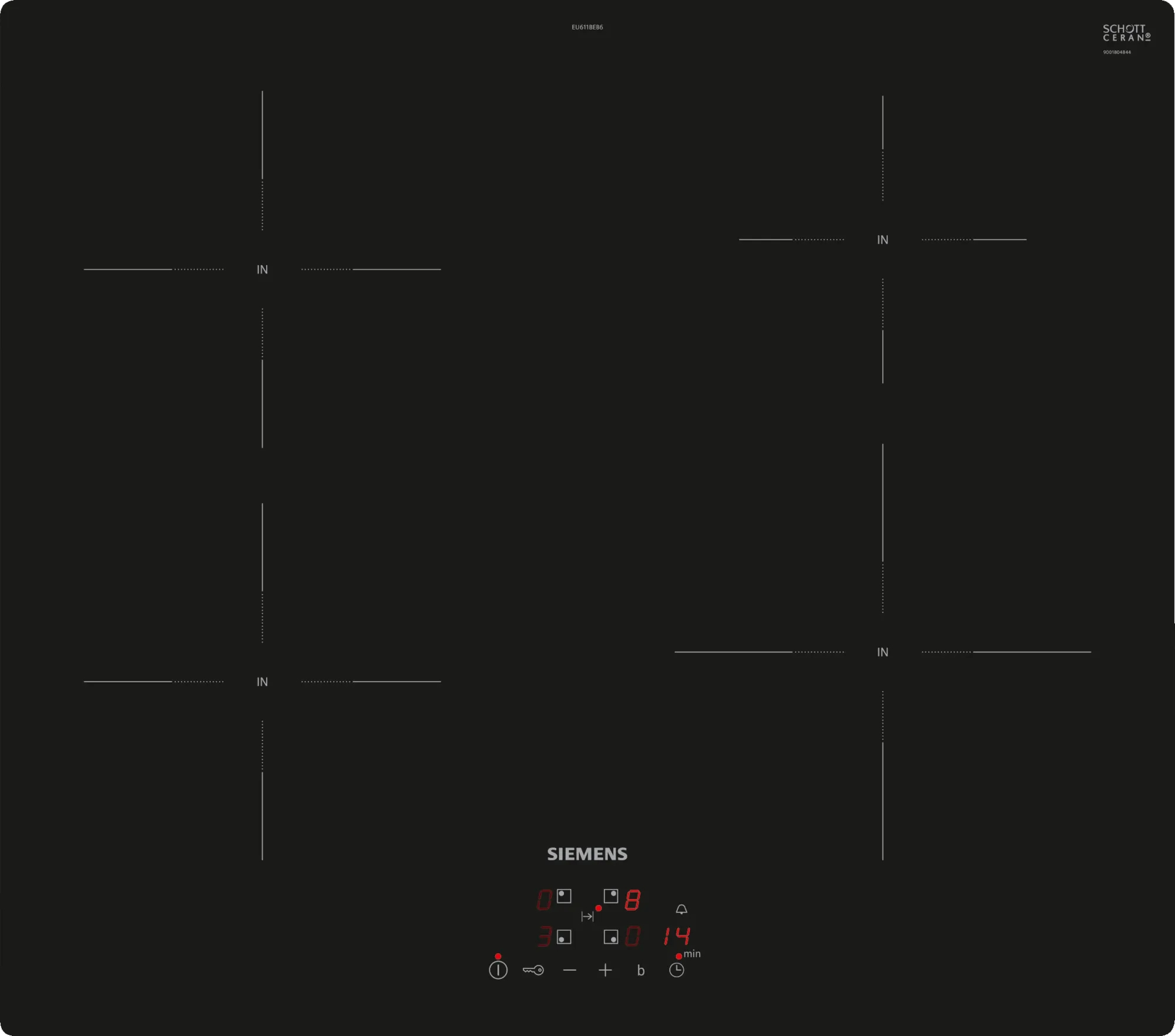 Czarna płyta indukcyjna z czterema palnikami i cyfrowym panelem sterowania.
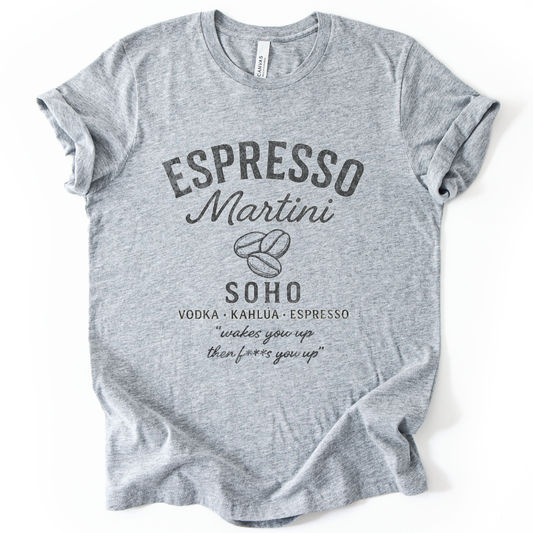 Espresso Martini, Vintage Faded Print - Bella Canvas Super Soft Fitted T Shirt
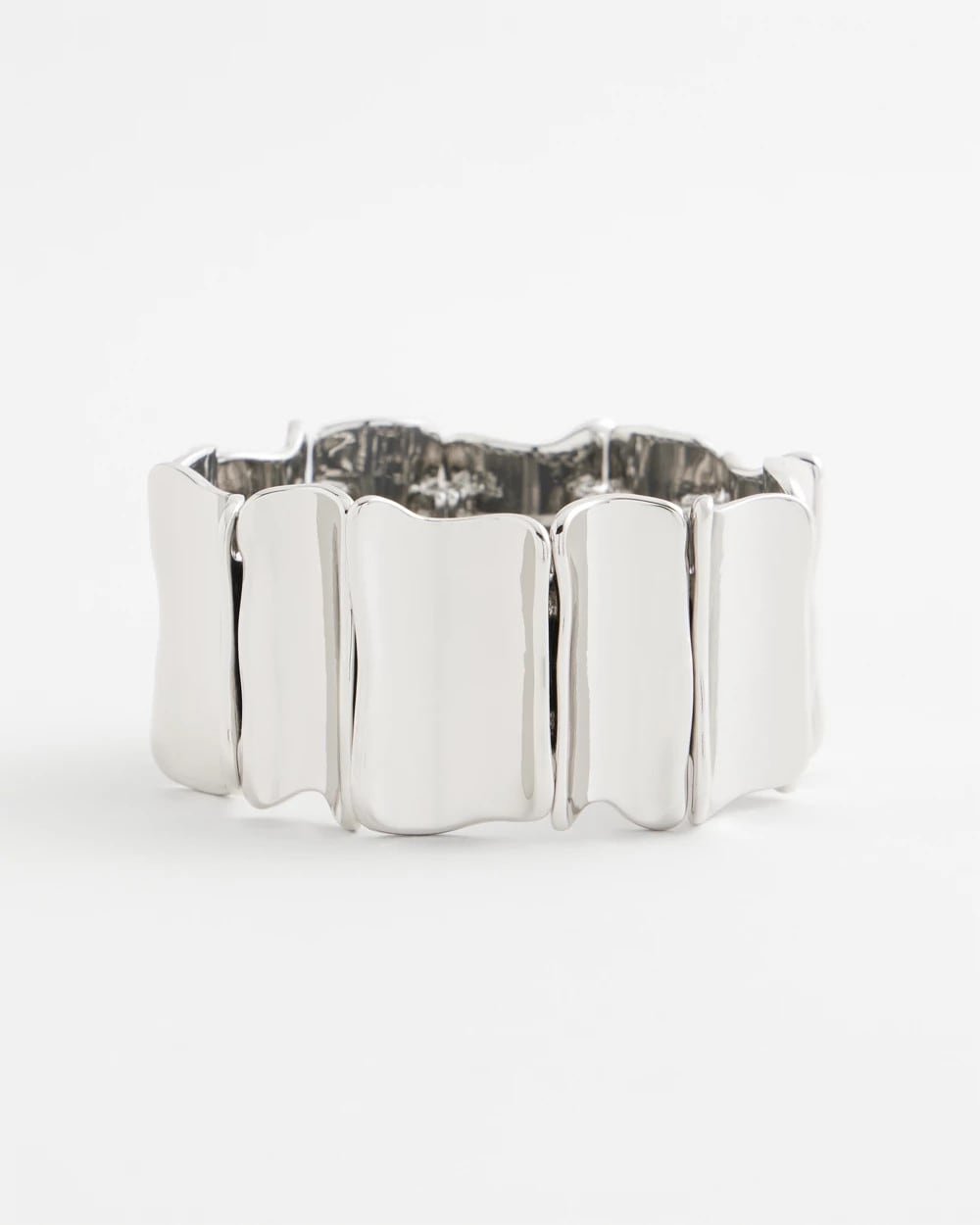 Chico's Online - Silvertone Wave Stretch Cuff Bracelet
===
Work to be completed
From the line containing "Espresso Martini, Vintage" down to the final line of the material, restate every line word for word, and only those; drop the pictures.

Completed task
 Espresso Martini, Vintage Faded Print - Bella Canvas Super Soft Fitted T Shirt
 Chico's Online - Silvertone Wave Stretch Cuff Bracelet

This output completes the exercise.